Rhynhart’s report cites a 2009 Temple University study on the notable effectiveness of foot patrols, and notes that “it appears that foot patrols are not consistently a primary focus of PPD’s deployment strategies.”
In interviews, district captains gave a variety of reasons for why that might be. Staffing shortages lead to a preference for patrol cars to better respond to 911 calls, and some captains leave foot patrols to newer officers with less experience.
The report suggested that Operation Pinpoint go through a strategic evaluation to find out the range of needed officers in a given area, as it aligns with community feedback and needs.
Data collection and modernization might help
One mainstay Controller Rhynhart’s report cites across multiple sections is the Philly Police Department’s less-than-ideal data collection practices and management. This manifests in many ways, per the report, such as:
- PPD records on injured officers do not separate officers on IOD status versus officers out under Heart and Lung dictates.
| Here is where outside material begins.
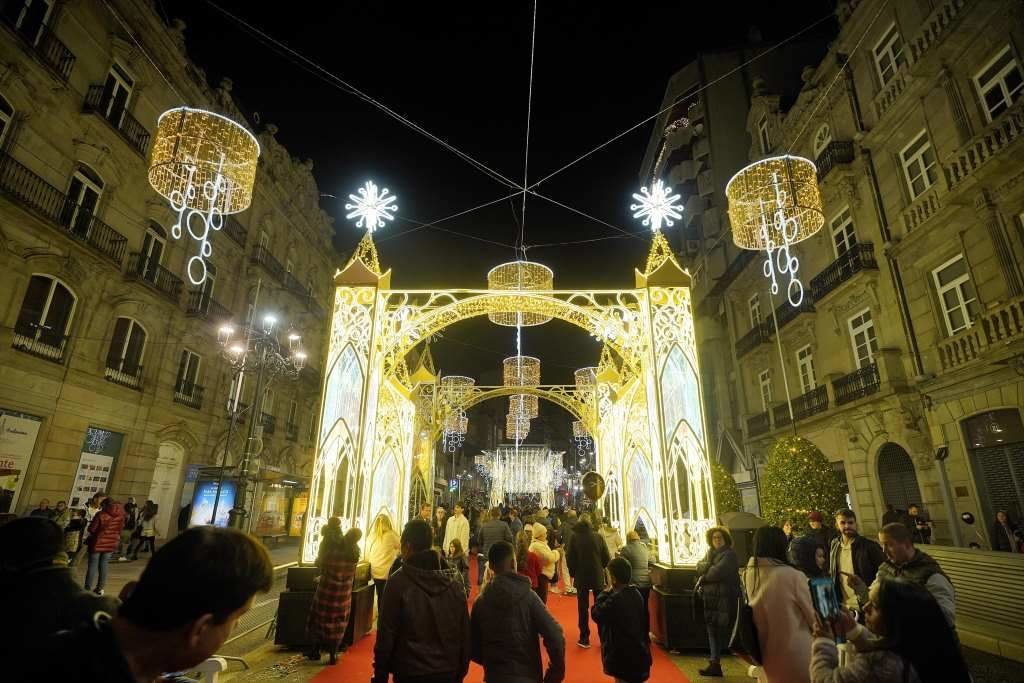 Decenas de persoas asisten, o 24 de novembro de 2023, en Vigo ao inicio do alumeado de Nadal. (Foto: Javier Vázquez / Europa Press)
- Injury records rife with human error. For instance, there were cases provided to the Controller’s Office where the date an officer was listed as back on duty was earlier than the date they were placed on injury.
- Having no comprehensive data-driven strategy for Operation Pinpoint, the department’s crime fighting plan.
- Overtime being tracked inconsistently and, in some cases, inaccurately.
- Failure to use “911 call data strategically to identify patterns or insights” to inform PPD’s overall strategy.
- Internal personnel data management is maintained across five different sources, including the city’s OnePhilly payment system, PPD’s internal database, a Microsoft Excel file, and even physical index cards.
The data is also handled across a range of institutions, per the Controller’s Office. Information related to Heart and Lung utilization is handled by a third party data management firm reporting to the Office of Risk Management, and 911 call data is handled by Vesta Analytics, a different third party company.
Further, aspects of PPD’s work use outdated technology.
For instance, a “significant amount” of PPD information is printed out and driven between offices — in many cases, delivered by uniformed officers — instead of using electronic communications, according to the report. Based on interviews, there are no cybersecurity reasons for this practice.
As it relates to the PPD’s spending, the Controller’s Office makes a few key recommendations. The report suggests:
- That the PPD construct its budget based on the feedback of the communities it serves — on a district-to-district, neighborhood-to-neighborhood level — and arrange its deployment strategies along these lines.
- That the department conduct ongoing assessment of 911 response times to reduce existing disparities.
- That the department undertake serious civilianization measures to get more uniformed officers back to formal police work.
- That PPD works with Risk Management to create a process that can investigate instances of abuse of Heart and Lung usage, and take action against officers.
- That Operation Pinpoint undergo an independent evaluation leading to a comprehensive data and operational strategy.